* Canadian dollar at C$1.2851, or 77.81 U.S. cents
* Loonie touched its weakest since June 6 at C$1.2873
* Bond prices mixed across flatter maturity curve
* 10-year yield hit its lowest since Feb. 24 at 1.078 pct
TORONTO, June 14 (Reuters) - The Canadian dollar weakened to
a one-week low against a broadly firmer U.S. counterpart on
Monday, as lower oil prices and market jitters about a potential
British exit from the European Union weighed on the
risk-sensitive commodity-linked currency.
Britain's "Leave" campaign opened up a 7-point lead over
"Remain" ahead of a referendum on membership in the European
Union, an opinion poll showed late Monday.

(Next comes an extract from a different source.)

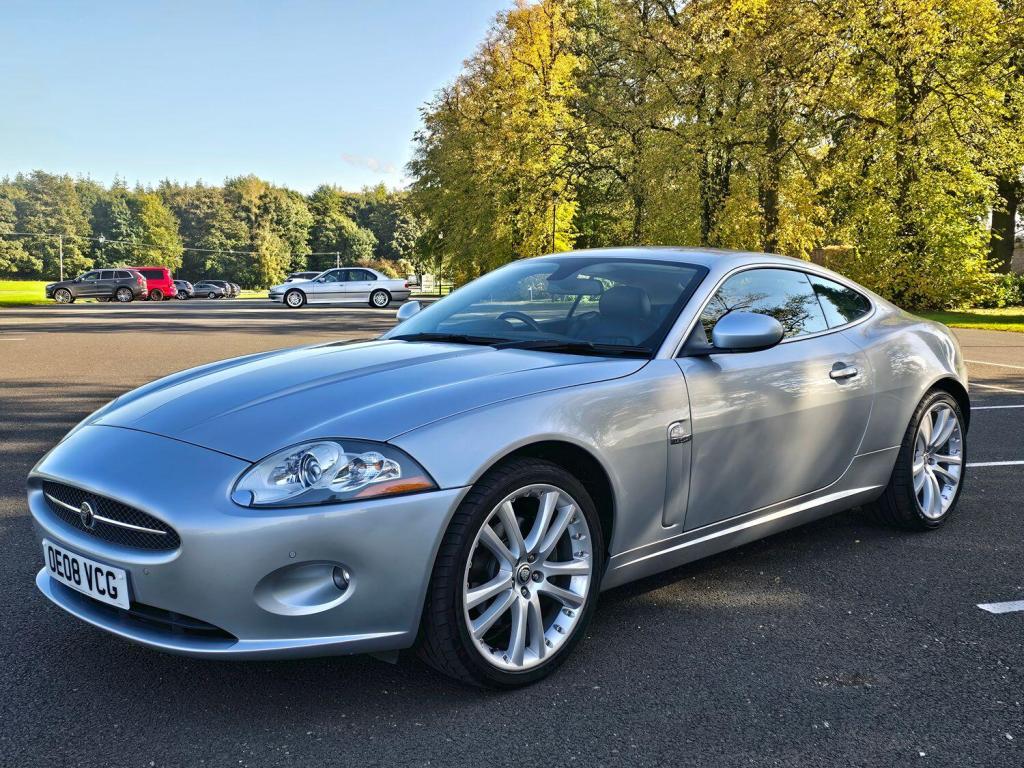 JAGUAR XK 4.2 V8 2008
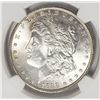 Image 2 : 1888-P Morgan Silver Dollar $1 NGC MS63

Global stocks were mostly lower and oil fell as investors
flocked to safe-haven assets.
At 9:59 a.m. EDT (1359 GMT), the Canadian dollar CAD=D4
was trading at C$1.2851 to the greenback, or 77.81 U.S. cents,
weaker than Monday's close of C$1.2807, or 78.08 U.S. cents.
The currency's strongest level of the session was C$1.2816,
while it touched its weakest since June 6 at C$1.2873.
Stronger-than-expected U.S. retail sales data added to
support for the greenback, suggesting economic growth was
gaining steam.
Still, chances of an interest rate increase by the U.S.
Federal Reserve on Wednesday remained low. The CME Group's (NASDAQ:CME)
FedWatch tool indicated just a 1.9 percent probability of a rate
hike.
In domestic data, the ratio of Canadian household
debt-to-income edged down to 165.3 percent in the first quarter
from 165.4 percent in the fourth quarter, Statistics Canada
said.
Separately, Canadian home prices rose in May from a month
earlier, and were well up from the year before, the
Teranet-National Bank Composite House Price Index showed.
Canadian government bond prices were mixed across a flatter
maturity curve as Germany's 10-year yield turned negative on the
flight-to-quality.
The two-year CA2YT=RR price dipped 0.5 Canadian cent to
yield 0.491 percent, while the benchmark 10-year CA10YT=RR
climbed 22 Canadian cents to yield 1.089 percent. The 10-year
yield hit its lowest since Feb. 24 at 1.078 percent.
The curve flattened, as the spread between the 2-year and
10-year yields narrowed by 2.6 basis points to 59.8 basis
points, indicating outperformance for longer-dated maturities.